Recently I was questioned by the EEOC/Affirmative Action office of where I am employed. The situation was due to an employee who walked out of her job due to sexual and racial slurs by her co-worker. The individual had sought reliefe from higher management in our department but the slurs and comments where continued she went to EEOC/Affirmative action. The Director asked for an investigation, and the human resouces office as well as the eeoc office called in several employees. They claimed that the director did not know who was being talked to. I was asked various questions for approximately 2 1/2 to 3 hours and gave them information and incidents where I had heard dicrimantory comments myself. I also explained several incidents of where lack of confidentiality existed in the work area from the director's executive assistant. I gave them incidents and specific details of such cases. The two individiduals who interviewed indicated that the report would not contain my name as to what I had said. Soon after I had been questioned I saw the director in my work area quite often. It was unusual since I had never seen him around that much before, this was approximately 4 weeks ago. Then on Nov 16, I was handed a layoff notice by our department HR representative. The reason being due to BUDGET cuts. I asked who of the people I work for in my unit knew of it, she said "3 of them". When I mentioned this to the 3, one completely denied knowing anything about it, 2 others told me that the director had been around, about 3-4 weeks ago, asking about my performance, how or if I was pleasant to get along with, and if I there was sufficient work for me to do. The all indicated that my work performance was excellent, that I was pleasant to get along with, and that there was plenty of work.
My question if these questions were being asked in the same time frame of the EEOC - HR report was submitted.
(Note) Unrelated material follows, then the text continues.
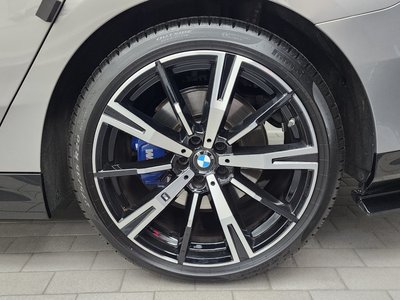 2025 BMW 5 SERIES photo 8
How do I know this was not due to the questions I answered (retailiation)? and since the director was not to get a negative reply about my work performance etc. then he used the budget cuts as an excuse.

If this was due strictly to budget cuts why was he inquiring about my work performance, or how I was to get along with.

There are employees who have alot less time working there than I do and they were not laid off, also there are employees there who have not always receive excellent job evaluations from there superiors and they were not laid-off.

I told the harrassed employee several options she could follow to pursue her situation and an email I sent her was shown to me during the grilling interogation, asking me why I felt the need to send her this information.

I really believe my lay-off was due to the report and for supplying information to a co-worker about her situation.

Please let me know if this retaliation?

1 answer  |  asked Nov 17, 2001 7:31 PM [EST]  |  applies to Arizona

Answers (1)

Francis Fanning
Retaliation

The facts you have recited are typical of what often happens in a retaliation case. As in most cases of discrimination, proving that the layoff was motivated by retaliation is difficult, and may be impossible to prove conclusively unless the boss admitted his motive to someone within the company. But the burden of proof in discrimination cases is not proof beyond a reasonable doubt, but merely by a preponderance of evidence. There is a burden shifting analysis that the court applies, and you may be able to prove retaliation indirectly by proving that the supposed reason for your layoff was a pretext. If you want to pursue the claim, I would suggest that you file a charge of discrimination with the EEOC and let the agency investigate. They can at least find out what the company's explanation is for the layoff, and may be able to gather other information from people in the decision making group that may support your suspicion.